I brainstormed for about five minutes and came up with these, but in the future I'll have less. So these are things I learned the hard way, or almost learned the hard way.
it's harder than you think to find an available blog title. "things i learned the hard way" and "lessons i learned the hard way" were already taken. "stuff i learned the hard way" was available, but really? Stuff? I don't think I'm a fan of that word.
sometimes roommates might not get your sarcasm. and then they'll get angry at you.
if you don't provide appropriate forms of ID for I9 forms, you won't get your paychecks. even if you've almost worked there for two months. you're still not getting paid yet.
if you have a hoarse voice, your singing sounds even worse than normal. you should probably just not sing at all.
when you buy a dozen eggs then drop the bag, they'll break. and then ooze all over your hands. and the counter at customer service. that cardboard carton doesn't work wonders like you think it would.
when you take a 10 hour car ride through las vegas and the surrounding desert in august without air conditioning, it's even hotter and sweatier than you think it will be. the betta fish in your back seat might die of overheating.
if your hair is exceptionally greasy so you put baby powder in it to make it look clean, you might end up walking around all day with a huge white, not fully rubbed it, chunk of baby powder filled hair.

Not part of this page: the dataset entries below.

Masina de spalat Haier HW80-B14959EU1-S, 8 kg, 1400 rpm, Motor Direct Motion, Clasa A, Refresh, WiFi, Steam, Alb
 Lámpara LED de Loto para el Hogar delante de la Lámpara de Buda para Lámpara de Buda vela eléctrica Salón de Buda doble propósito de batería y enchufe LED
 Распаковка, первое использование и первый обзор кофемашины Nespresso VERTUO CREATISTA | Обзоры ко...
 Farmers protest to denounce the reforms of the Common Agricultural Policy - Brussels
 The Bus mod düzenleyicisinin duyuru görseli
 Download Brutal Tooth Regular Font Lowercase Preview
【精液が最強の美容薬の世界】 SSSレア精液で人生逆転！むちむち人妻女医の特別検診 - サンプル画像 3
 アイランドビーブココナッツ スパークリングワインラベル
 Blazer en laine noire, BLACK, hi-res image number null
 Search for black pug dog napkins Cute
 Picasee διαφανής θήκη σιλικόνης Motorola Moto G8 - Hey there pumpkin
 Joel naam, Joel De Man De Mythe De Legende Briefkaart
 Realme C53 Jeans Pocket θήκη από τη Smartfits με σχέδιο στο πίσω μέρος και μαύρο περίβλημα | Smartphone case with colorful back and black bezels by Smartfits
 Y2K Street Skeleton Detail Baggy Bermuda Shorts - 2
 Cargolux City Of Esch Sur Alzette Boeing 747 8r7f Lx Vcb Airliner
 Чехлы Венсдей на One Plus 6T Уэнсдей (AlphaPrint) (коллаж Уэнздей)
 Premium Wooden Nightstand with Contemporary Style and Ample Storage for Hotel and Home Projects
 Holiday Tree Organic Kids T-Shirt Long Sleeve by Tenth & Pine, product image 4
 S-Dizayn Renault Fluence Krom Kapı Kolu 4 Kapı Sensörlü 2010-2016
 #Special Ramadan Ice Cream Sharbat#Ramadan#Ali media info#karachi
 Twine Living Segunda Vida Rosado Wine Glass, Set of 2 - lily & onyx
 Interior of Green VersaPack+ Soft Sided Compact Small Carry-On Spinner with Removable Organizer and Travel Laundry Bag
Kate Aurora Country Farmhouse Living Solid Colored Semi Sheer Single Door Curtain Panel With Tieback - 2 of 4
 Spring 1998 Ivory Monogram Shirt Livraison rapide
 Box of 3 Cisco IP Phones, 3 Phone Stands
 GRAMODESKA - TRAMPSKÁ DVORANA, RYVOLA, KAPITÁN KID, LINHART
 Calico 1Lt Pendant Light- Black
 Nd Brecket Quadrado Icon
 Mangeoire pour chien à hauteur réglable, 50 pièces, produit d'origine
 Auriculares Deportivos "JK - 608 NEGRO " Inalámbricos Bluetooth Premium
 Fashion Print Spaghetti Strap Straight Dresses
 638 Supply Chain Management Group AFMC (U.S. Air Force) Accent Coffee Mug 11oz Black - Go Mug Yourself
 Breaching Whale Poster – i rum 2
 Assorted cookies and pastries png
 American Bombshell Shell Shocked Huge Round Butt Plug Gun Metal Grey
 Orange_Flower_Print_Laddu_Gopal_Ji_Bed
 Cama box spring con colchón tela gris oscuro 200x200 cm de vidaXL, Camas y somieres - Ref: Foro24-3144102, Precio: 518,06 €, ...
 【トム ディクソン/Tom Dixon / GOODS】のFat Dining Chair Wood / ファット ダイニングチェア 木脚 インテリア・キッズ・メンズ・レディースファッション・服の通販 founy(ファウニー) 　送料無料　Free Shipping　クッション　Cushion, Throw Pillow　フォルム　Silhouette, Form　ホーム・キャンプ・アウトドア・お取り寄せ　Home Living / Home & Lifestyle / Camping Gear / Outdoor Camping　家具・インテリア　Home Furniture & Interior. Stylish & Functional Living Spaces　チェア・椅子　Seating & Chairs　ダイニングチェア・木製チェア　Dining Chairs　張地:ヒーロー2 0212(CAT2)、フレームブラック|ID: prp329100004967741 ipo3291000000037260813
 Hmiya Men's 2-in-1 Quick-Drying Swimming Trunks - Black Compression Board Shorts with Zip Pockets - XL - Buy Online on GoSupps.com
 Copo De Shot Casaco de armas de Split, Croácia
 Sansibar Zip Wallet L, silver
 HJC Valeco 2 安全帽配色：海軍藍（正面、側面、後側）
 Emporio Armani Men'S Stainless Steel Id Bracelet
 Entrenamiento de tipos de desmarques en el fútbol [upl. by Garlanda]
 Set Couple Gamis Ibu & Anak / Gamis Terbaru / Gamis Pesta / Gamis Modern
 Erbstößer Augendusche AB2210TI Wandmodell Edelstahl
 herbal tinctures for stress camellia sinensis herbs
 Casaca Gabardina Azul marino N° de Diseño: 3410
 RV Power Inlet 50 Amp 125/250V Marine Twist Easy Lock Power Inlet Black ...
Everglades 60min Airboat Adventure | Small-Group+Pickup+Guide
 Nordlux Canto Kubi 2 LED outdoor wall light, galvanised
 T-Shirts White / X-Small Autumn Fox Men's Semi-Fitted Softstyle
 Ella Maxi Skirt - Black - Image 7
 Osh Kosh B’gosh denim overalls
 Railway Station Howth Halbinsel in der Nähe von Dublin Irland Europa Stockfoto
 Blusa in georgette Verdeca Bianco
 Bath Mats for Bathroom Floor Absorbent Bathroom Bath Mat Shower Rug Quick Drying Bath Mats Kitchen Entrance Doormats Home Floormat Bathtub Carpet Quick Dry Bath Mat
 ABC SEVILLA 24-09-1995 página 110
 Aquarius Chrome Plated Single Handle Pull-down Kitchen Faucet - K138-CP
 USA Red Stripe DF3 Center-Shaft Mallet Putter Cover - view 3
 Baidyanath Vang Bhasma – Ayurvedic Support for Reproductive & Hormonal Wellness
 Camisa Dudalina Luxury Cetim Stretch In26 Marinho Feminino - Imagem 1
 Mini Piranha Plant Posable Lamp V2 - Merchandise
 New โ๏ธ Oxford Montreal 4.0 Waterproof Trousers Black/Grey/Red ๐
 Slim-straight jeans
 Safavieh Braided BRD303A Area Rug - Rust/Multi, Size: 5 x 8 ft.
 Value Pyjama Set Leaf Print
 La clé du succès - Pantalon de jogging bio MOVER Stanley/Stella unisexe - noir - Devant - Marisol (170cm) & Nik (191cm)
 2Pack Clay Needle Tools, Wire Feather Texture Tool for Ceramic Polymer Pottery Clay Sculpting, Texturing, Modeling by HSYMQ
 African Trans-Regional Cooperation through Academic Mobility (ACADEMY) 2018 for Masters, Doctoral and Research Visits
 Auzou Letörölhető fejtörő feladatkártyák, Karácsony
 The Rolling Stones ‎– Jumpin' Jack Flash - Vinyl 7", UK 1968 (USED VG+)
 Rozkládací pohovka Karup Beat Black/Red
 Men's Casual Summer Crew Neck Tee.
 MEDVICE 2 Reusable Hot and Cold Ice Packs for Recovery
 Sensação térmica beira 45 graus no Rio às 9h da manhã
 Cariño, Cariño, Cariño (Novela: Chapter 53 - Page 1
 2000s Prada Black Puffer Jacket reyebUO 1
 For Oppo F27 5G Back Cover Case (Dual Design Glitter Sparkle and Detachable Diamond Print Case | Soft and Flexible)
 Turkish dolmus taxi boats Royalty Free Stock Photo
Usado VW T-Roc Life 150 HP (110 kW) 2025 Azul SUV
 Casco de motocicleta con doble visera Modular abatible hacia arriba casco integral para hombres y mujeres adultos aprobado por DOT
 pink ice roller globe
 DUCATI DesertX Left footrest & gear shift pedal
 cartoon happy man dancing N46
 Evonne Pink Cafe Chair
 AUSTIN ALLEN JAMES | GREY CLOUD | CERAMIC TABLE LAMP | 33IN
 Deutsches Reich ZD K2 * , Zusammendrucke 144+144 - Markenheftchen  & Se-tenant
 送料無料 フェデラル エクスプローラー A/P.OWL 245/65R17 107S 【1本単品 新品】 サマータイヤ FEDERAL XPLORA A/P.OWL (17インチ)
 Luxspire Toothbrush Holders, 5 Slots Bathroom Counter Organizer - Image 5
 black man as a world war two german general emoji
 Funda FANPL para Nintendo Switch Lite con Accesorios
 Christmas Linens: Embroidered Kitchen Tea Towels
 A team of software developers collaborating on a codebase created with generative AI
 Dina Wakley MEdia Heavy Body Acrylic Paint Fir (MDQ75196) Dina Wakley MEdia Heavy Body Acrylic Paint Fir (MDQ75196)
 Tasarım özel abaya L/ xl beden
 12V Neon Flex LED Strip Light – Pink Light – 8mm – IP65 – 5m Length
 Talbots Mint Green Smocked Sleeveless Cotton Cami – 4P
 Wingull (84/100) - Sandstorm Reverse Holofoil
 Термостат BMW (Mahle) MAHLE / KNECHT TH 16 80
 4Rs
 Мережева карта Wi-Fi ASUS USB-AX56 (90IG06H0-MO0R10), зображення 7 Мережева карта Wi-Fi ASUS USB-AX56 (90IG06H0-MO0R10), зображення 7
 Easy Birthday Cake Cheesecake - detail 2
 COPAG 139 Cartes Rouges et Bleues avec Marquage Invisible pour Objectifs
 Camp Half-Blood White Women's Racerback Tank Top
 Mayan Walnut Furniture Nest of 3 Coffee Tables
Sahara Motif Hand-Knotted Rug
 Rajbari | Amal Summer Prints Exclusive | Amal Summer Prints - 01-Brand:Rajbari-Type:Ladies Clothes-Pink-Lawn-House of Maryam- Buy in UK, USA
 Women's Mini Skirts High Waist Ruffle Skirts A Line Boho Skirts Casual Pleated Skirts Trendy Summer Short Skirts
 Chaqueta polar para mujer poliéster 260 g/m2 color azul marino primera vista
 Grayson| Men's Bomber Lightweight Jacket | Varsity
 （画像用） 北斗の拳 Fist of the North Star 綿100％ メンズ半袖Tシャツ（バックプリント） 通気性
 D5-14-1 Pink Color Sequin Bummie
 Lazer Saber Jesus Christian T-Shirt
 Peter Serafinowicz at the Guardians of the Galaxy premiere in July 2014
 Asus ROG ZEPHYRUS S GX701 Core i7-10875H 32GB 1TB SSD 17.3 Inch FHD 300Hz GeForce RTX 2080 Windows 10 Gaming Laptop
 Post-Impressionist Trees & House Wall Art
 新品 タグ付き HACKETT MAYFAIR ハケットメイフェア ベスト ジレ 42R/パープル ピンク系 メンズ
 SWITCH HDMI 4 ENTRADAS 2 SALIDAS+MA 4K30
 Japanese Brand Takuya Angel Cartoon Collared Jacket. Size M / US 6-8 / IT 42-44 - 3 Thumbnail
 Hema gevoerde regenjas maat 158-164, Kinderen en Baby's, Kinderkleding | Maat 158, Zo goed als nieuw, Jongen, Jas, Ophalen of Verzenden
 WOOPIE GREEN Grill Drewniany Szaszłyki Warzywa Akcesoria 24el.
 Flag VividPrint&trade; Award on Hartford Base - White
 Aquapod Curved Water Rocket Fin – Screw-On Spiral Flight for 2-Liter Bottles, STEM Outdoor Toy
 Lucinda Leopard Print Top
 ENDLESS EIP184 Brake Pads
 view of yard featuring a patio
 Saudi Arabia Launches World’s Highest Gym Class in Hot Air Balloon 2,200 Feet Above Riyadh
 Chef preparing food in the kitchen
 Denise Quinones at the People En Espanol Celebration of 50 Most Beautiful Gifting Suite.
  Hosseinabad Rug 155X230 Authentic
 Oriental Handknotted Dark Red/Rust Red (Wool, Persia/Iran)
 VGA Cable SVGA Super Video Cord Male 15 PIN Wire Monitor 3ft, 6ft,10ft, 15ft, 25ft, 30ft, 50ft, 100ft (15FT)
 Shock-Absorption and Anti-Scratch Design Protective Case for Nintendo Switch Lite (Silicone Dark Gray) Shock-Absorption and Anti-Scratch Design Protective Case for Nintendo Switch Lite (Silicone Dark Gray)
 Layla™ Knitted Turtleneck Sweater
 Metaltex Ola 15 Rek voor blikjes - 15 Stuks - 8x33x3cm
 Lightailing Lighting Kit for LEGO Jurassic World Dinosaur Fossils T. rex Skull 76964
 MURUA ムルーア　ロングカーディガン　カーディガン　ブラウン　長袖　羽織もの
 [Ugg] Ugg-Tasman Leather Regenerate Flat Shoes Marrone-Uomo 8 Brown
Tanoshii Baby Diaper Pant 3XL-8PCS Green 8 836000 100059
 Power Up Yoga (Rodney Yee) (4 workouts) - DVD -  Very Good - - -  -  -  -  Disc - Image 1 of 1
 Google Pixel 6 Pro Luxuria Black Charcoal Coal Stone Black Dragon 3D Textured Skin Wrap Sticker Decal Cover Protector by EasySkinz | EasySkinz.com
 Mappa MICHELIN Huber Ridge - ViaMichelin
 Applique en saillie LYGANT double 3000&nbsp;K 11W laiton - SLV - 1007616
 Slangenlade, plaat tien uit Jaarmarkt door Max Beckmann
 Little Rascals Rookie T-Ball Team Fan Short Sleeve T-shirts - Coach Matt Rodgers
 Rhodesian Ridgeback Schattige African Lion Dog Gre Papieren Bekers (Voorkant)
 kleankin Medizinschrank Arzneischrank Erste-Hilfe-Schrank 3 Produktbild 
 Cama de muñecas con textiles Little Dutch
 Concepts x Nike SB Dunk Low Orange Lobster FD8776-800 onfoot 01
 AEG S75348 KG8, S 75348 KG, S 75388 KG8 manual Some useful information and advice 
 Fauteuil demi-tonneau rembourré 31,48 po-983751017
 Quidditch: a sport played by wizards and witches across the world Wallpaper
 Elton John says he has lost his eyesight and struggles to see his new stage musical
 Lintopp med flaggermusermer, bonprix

jumping into a pool with all your clothes on is not all its cracked up to be. even if you pose for the camera trying to make it look like it was oodles of joy.
if you're holding really heavy things in your hands and attempt to put them in the freezer, you might try to open the door for five minutes, end up breaking off the handle, then finally putting the heavy items down only to discover there is a lock on the freezer door that you couldn't see at first.
if you have a three gallon pot of beans and you're trying to get the beans into one gallon bags, it's probably not the best idea to pour the beans into the bags. scoop them in with a ladle or something.